My experience with JAI
This was supposed to be a chapter on evaluating the language in a larger game prototype post mortem, but it got long, so it became its own thing.
I used the language this summer for a videogame project that is around 15k lines of code at the time of writing this post, so not huge, but not exactly tiny anymore. The code constitutes a 2D puzzle game (running both on Windows, macOS and in the browser) and an automatic solver for the game's puzzles. If the game grows, there will likely also be a puzzle generator, more powerful asset system, better graphics, etc.
This post is written from the perspective of a programmer who values first principles thinking and is directed by a handmade ethos, but at the same time, because of historical circumstances, has been programming mainly in a C-like subset of Rust for the last years 8 years (with a little bit of C sprinkled here and there). I apologize in advance to the people with hardcode C background: some of the ideas presented here will likely be obvious to you, but they were not immediately obvious to me a few years ago. I had to grow into them.
The overall experience with JAI was one underlined by pragmaticism. I didn't really have to think about the language very much. It let me do what I wanted, leaving the responsibility of cleaning my own mess to me, but also giving me the tools to do the cleaning. This is a good fit for projects with complicated or unclear designs. These need a lot of iteration and experimentation, but shipping any project requires hardening: systematizing, fixing bugs, optimization. So, somewhere during development, you want to transition from being messy and unconstrained to being organized and precise. JAI allows you to turn this dial as needed, and gives you tools to gradually improve the quality: metaprogramming, profiling tools, instrumenting allocations, visualization tools, etc.

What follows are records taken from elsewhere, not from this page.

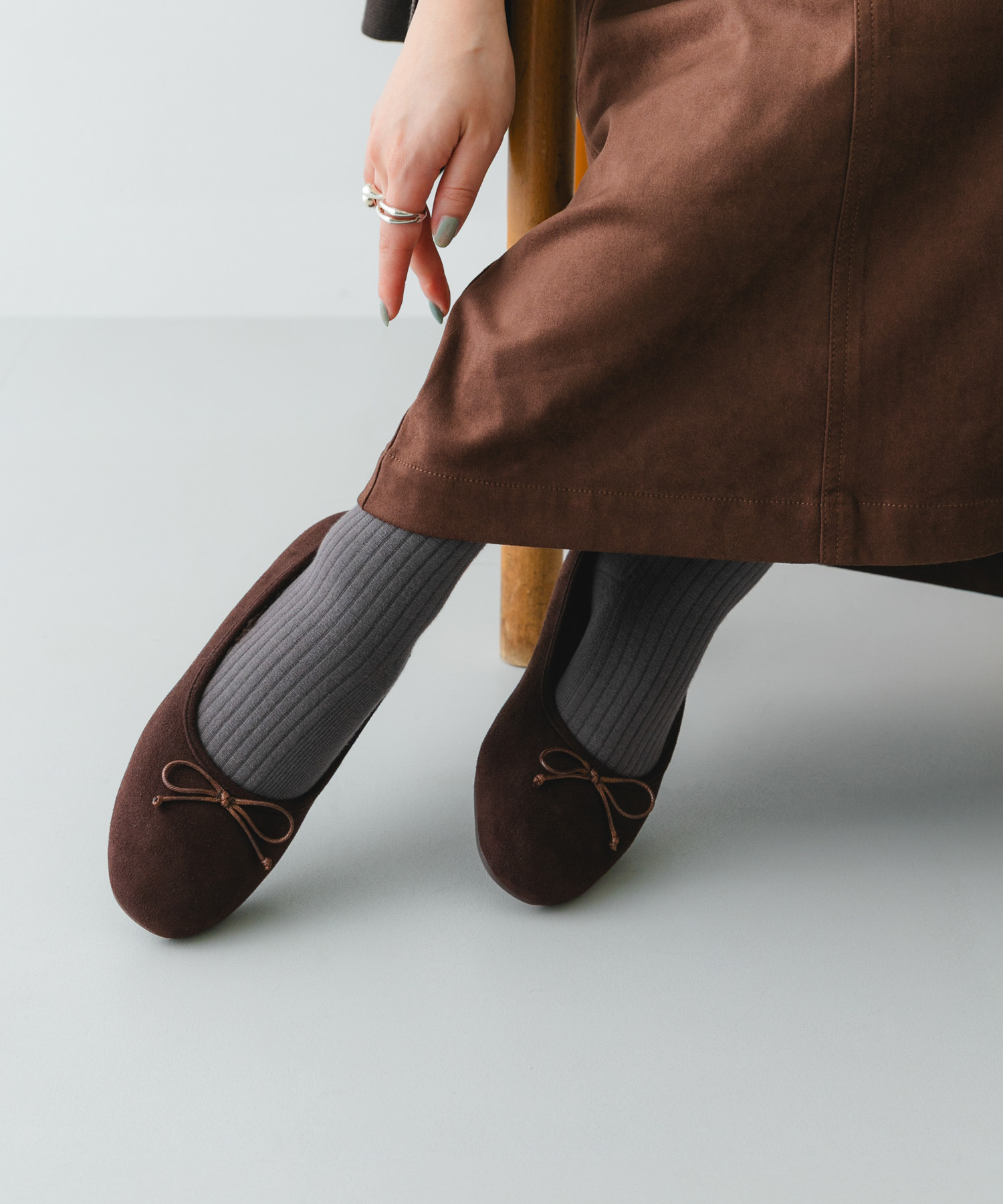 撥水フラッフィーバレエシューズ DARK BROWN 36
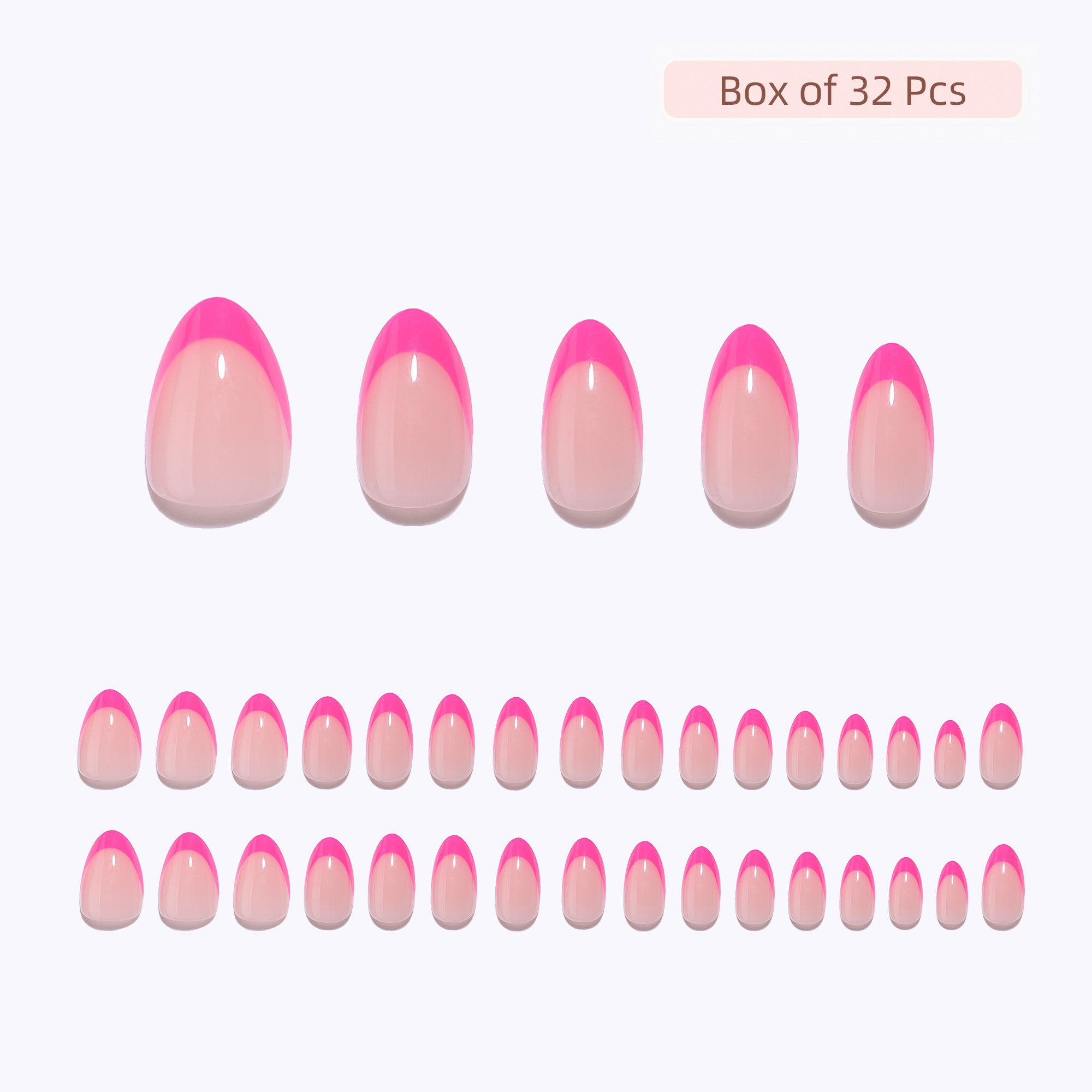 Rose-Tinted French Acrylic Gel Tips for Manicure Set Includes Adhesive + Variety Packaged Collection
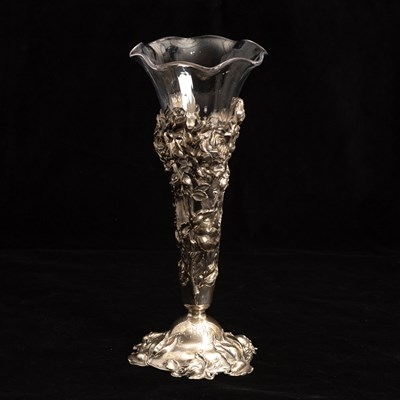 Lot 253 - American Sterling Silver and Glass Vase
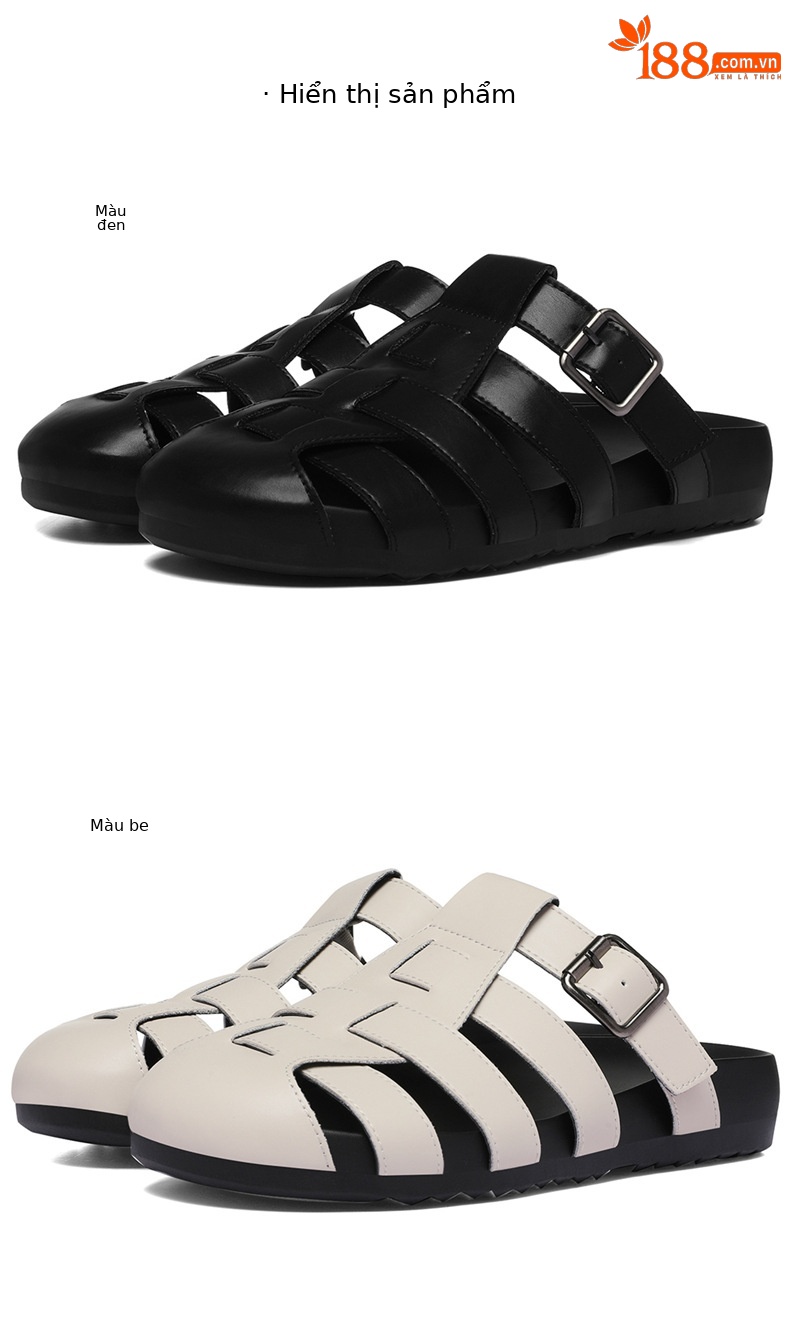 Sandal nữ quai chữ V bít mũi phong cách Roman thoáng khí — 6160 Da đen, 6160 Màu be chi tiết 8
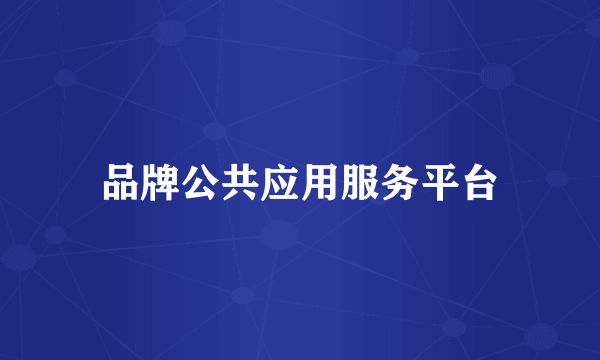 品牌公共应用服务平台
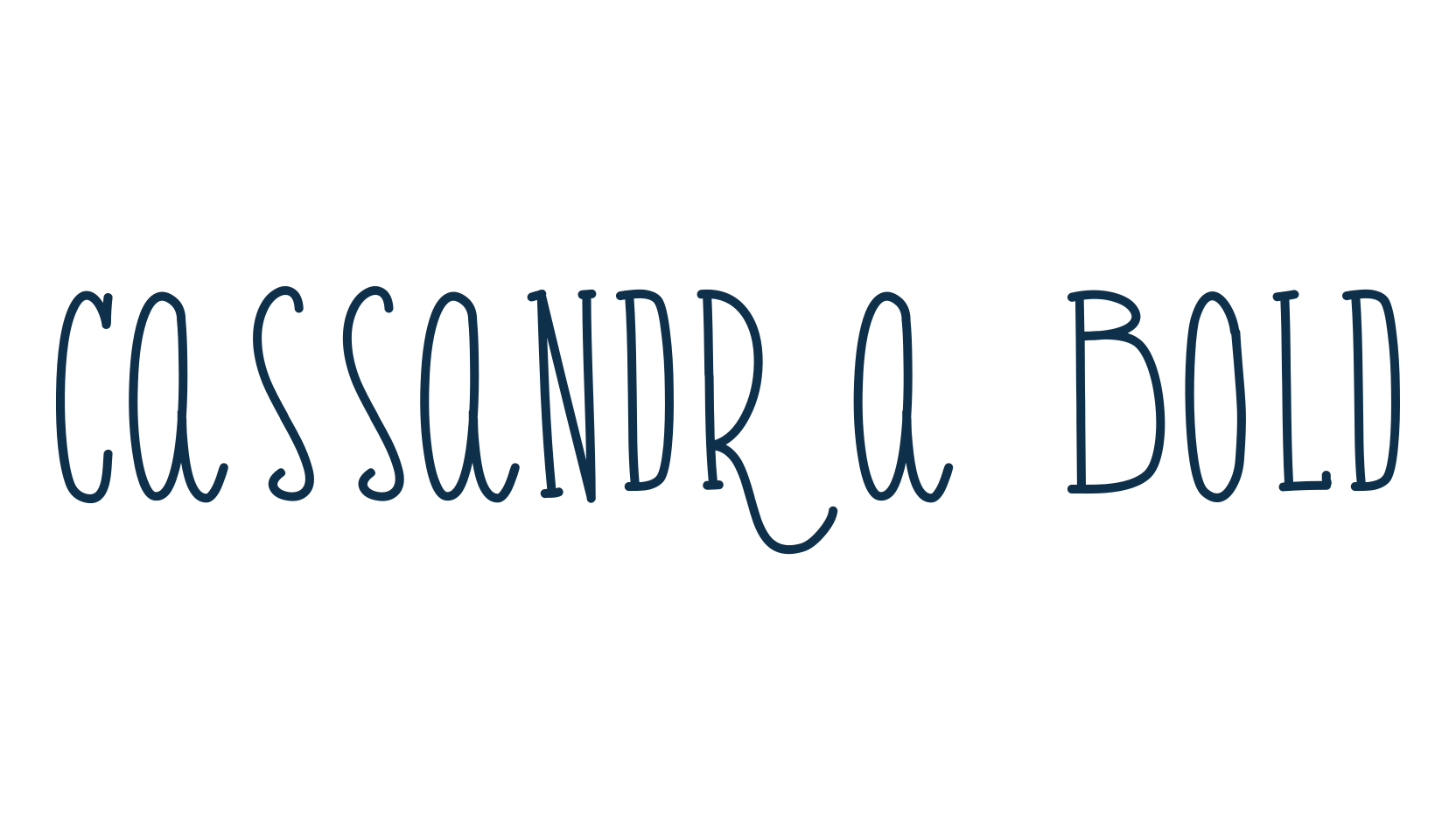 Cassandra Bold, fancy various decorative script calligraphy font preview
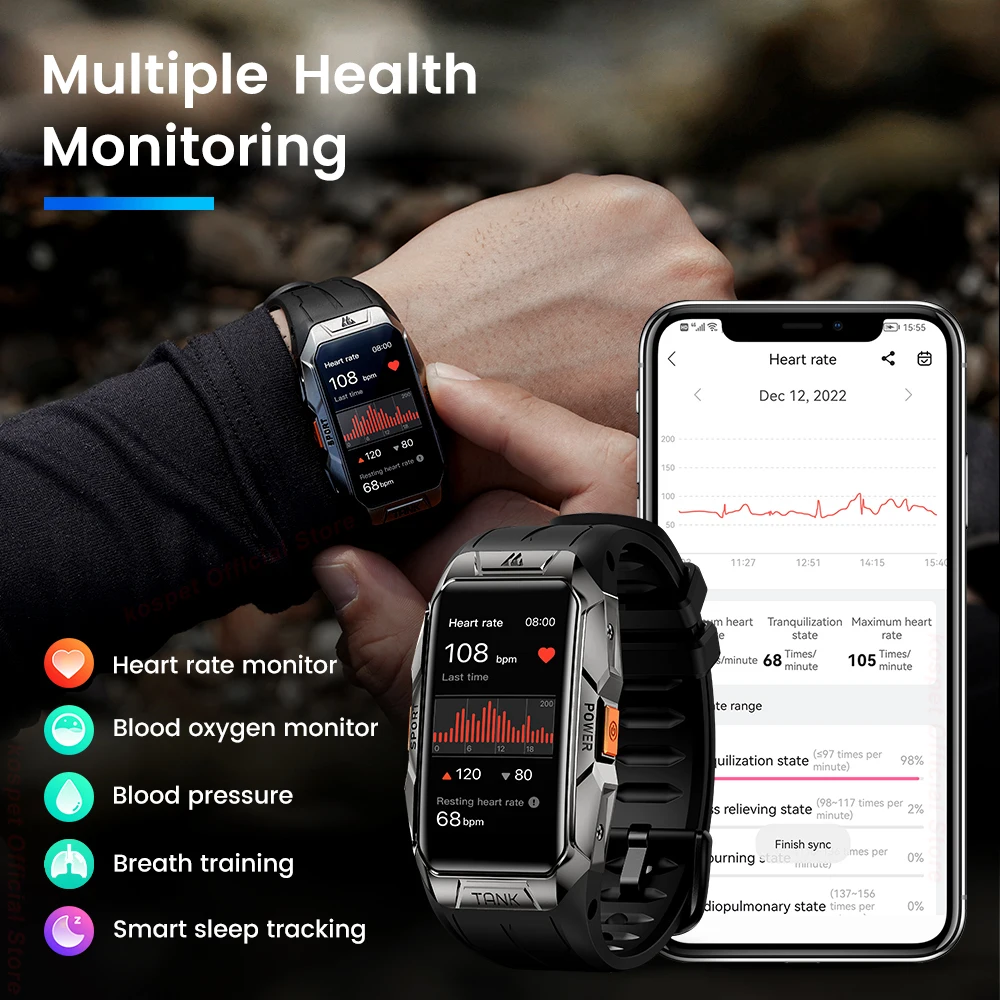 KOSPET Smart Watch 50+Days Standby Battery Life 3D Curved Corning Gorilla Glass Health & Fitness Tracker 70 Sports X1 Smart Band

To be fair, in my project, I utilized the "let me make a mess" aspect of the language more than the "help me clean it up" one, both because the game is still small enough for it to not require large-scale cleanup before shipping the current prototype version, and this also isn't my first game, so at this point I can avoid some programming and design mistakes ahead of time.
Codex view of the WASM build of the game.
Here's things that resonated with me, followed by a few reservations. Both lists are by no means complete, rather the items are mostly what I encountered while working on the game.
Things that spoke to me
- Pointers and indices are 64-bit and signed. No size_t/usize that have different sizes based on the target CPU. Being signed, you don't need to care about underflow when doing arithmetic. This is a breath of fresh air. Yes, being 64-bit always makes it hard to port JAI to non-64-bit platforms, so it is something to consider if you know you are going to need that. However, today all of consumer PCs, servers, Macs, consoles, phones and tablets, and now even WASM is 64-bit, so you are able to target quite a few platforms even with this design decision.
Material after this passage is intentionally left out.